The secretary of state also said that the Trump administration was “happy that a new [Israeli] government was formed,” referring to the coalition forged between Prime Minister Benjamin Netanyahu and his primary challenger, Blue and White leader Benny Gantz. The two agreed to form a unity government on Monday evening, with Netanyahu serving as prime minister for the first 18 months of the term, and Gantz taking over after that.
“In less than two months, there will be [in Judea and Samaria] the application of sovereignty,” said Likud sources earlier in the week. “It’s a historic step in the annals of the State of Israel. It’s an achievement for the generations.”
Through its Mideast peace plan, the Trump administration signaled approval for Israeli sovereignty over Jewish communities in Judea and Samaria, eschewing previous administrations’ demands that Israel make concessions to the Palestinians at the outset of negotiations.
It now appears that the Netanyahu-Gantz unity government is preparing to initiate the process of extending sovereignty in July. Israel gained control of Judea and Samaria in 1967, including eastern portions of Jerusalem, when it repelled an attack by Jordan, defeating four Arab nations in total during the Six-Day War.
In addition to his remarks on the issue of annexation, Pompeo also commented on the $5 million of aid that the U.S. recently released to the Palestinian Authority (PA) to assist it in the COVID-19 battle.
“We hope [the aid] will get to the right places,” said Pompeo. “The reason we stopped providing assistance previously is that these resources weren’t getting to the Palestinian people.”
“We’ll evaluate whether these resources worked, [and] actually got to the Palestinian people,” Pompeo added.
The Trump administration has slashed aid to the Palestinian Authority, primarily due to its official policy of providing salaries to those who commit violent terror attacks against Israelis and stipends to the family members of Palestinians killed while committing terror-related crimes.

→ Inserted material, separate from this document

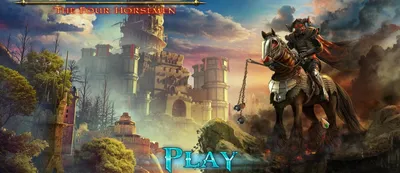 Lost Lands 2: The Four Horsemen — прохождение полностью | GameMAG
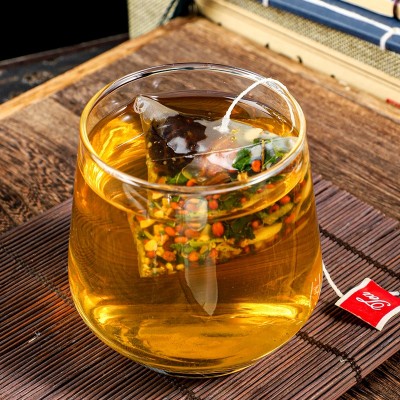 医世康美 三角茶包0EM一件 代发 茉莉花决明子组合茶菊花决明子茶图3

While Pompeo did not refer explicitly to the PA’s terror stipend policy, he alluded to the fact that foreign aid did not in the past “actually” reach Palestinians.
In 2017, The Washington Post reported that the PA paid $183 million to families of “martyrs,” a term that refers to terrorists killed during attacks on Israelis. That year, the PA paid an additional $160 million to prisoners incarcerated for terror attacks on Israelis. These individuals receive a salary that exceeds the average income for Palestinians.
In 2017, the PA received a total of $693 million in foreign aid and allocated $343 million for terror stipends.